Faculty-student teams will receive multifaceted support to engage in intensive course redesign work over approximately 2 years (2 summers + 3 academic semesters).
Project staff will…
• Lead summer institute where teams can plan and reflect on their course redesigns;
• Facilitate shared weekly preparation meetings for all faculty-student teams;
• Provide stipends for students to participate in course redesign work and facilitate student discussions;
• Teach a pedagogy course for student team members.
Faculty will receive stipends for participating in teams and attending summer institutes.
Faculty leaders will participate in an internal advisory committee to support program activities. Faculty leaders in the committee will…
• Represent their colleagues in the course redesign;
• Receive course buy-outs;
• Participate in bi-weekly meetings with project staff to provide input for ongoing project activities;
• Help to facilitate project events and represent the project at Texas State events.
Towards the end of the project, past faculty leaders will be invited to participate in discussions about next steps for sustaining improvements beyond the duration of the project.
What research is planned for this project?
We will collect and analyze data related to three main research strands. These research strands will help us to understand the development and the effects of this large project, and make appropriate adjustments. It will also allow us to develop and disseminate evidence-based recommendations about the impacts of this change approach to the broader higher education community.
We encourage faculty who are interested in contributing to or learning more about a specific research strand to contact the appropriate research lead. We are particularly interested in collaborating with faculty and students around research strand 2.
Research leads: Eleanor Close and Alice Olmstead
Main research question: How and to what extent do communities of practice centered on culturally relevant instructional approaches emerge through faculty-student teams?
Likely data sources:
- Video-recordings of weekly prep meetings of faculty and Learning Assistants.

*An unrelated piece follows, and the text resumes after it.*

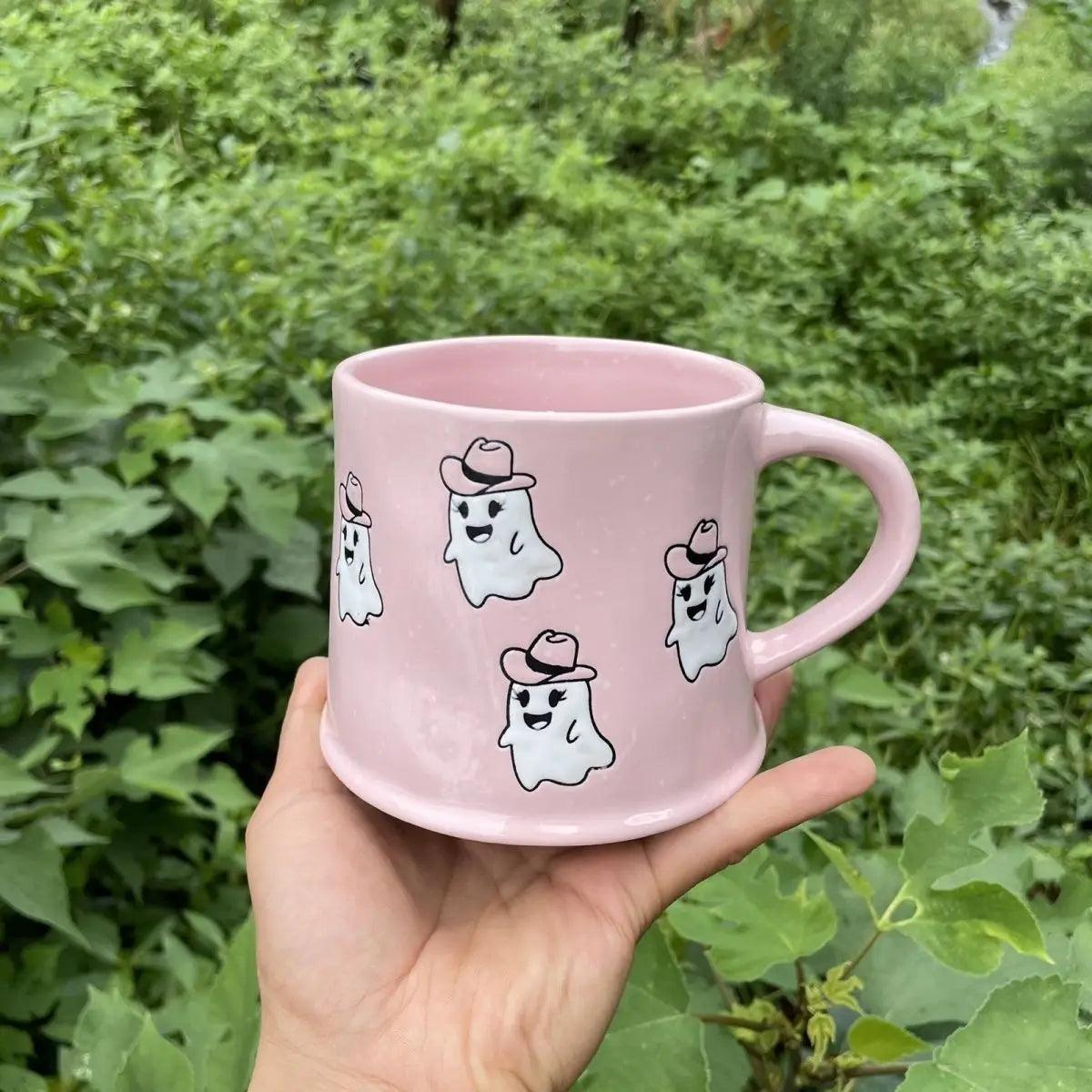 cowgirl ghost ceramic mug - basil boutique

- Semi-structured interviews with faculty and student members of course redesign teams.
- Research-validated survey responses of instructional practices and climate for instructional improvement across STEM departments.
Research lead: Cindy Luxford
Main research question: How does participating in redesigned STEM gateway courses impact students outcomes?
Likely data sources:
- Interviews, focus groups and/or surveys of students prior to course redesign.
- Course-level student outcomes in redesigned courses and subsequent upper-division courses.
- Institutional data of STEM students.
Research lead: Li Feng
Main research question: How do Learning Assistant Programs affect STEM workforce outcomes?
Likely data sources:
- College Scorecard data: data on student completion, debt and repayment, earnings from 1996- 2017 for all undergraduate degree-granting institutions of higher education
- The Baccalaureate and Beyond: longitudinal dataset that follows college graduates from their college education into workforce or graduate study
- Scientists and Engineers Statistical Data System (SESTAT): longitudinal information on the education and employment of the college-educated U.S science and engineering workforce.
In these datasets, we will focus on longitudinal cohorts of college school students who have taken at least one gateway courses in STEM fields between academic years 2015-2025.
This project received funding in October 2019 and is scheduled to run through May 2025.
College-wide events and workshops (Component 1) will occur throughout the duration of the project. Cohorts of faculty (and eventually students) will typically begin their department instructional assessments (Component 2) in the fall of a particular academic year. Within these cohorts, faculty-student teams will begin their course redesigns (Component 3) in the following summer. After Year 1, faculty leaders will represent their teams in an Advisory Committee (Component 4).